I AM SHOCKED at a recent finding at my front door.  Do you remember a past post discussing the evil world of book theft and the untrustworthy postal system?  Well it appears that my posting while still pertinent to many around the globe does not actually pertain to me.  Take a gander below:


This is what was at my door.  And for all those not able to see the fine detail, allow me to share with you my own up close inspection.  Those dark spots at the top under the packing tape are dead bugs.  Yes DEAD BUGS TRAPPED IN TAPE.  The whole package is covered in dirt and the bottom right corner has seemingly buckled under what I can only image to be a lonely, dirty, and unfavorable voyage from the bookseller's shelve to my door.  If you haven't concluded it already, let me tell you this is my SUSPECTED stolen book finally delivered 3 to 4 months after the fact.  Now I have two copies of this fabulous book and a moral  complex if I should apologize to the suspected (now imaginary) book thief I lectured several post ago.

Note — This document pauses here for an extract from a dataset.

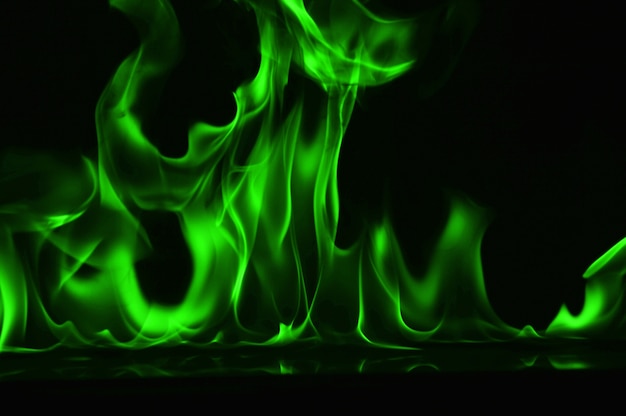 llamas-abstractas-fuego-verde-fondo-negro_11554-56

It appears to me now with the "red herring" in hand that my package was not carried off my any opportunistic book enthusiast, but rather delivered to the front apartments of my building rather than the rear.  And I remind you I DID put signs up around the building and I DID go check the front foyer with no success.  It is my suspicions now that the package was perhaps inside the front door inside the foyer that gives dwellers access to the stairs to the upper apartments.  This door would have been closed upon my previous inspection and thus why I had no success in my investigations.  It is also possible still that there is a book enthusiast in my building that held on to the package but did nothing with it out of guilt for these many months and when the moral dilemma became too much for them they returned it to its rightful door mat.  Either way, I am just glad it finally arrived.  Because I have two copies now I can gift one of them to someone.  Although this was not my original intent I do love gifting books to people. I already have a few in mind so if you're birthday is coming up soon watch out for it or I might wait until Christmas if I need the perfect gift for someone who has everything or is just plain hard to shop for.

Chat soon!

Monday, September 5, 2011

Buried in W.Burroughs' "The Naked Lunch"

The first time I heard of William Burroughs was in college.  A girlfriend mentioned his name and book ("Junkie") in passing along with Jame Frye's "A Million Pieces."  I read "A Million Pieces."

Sidenote: I still loved that book despite what Oprah's says.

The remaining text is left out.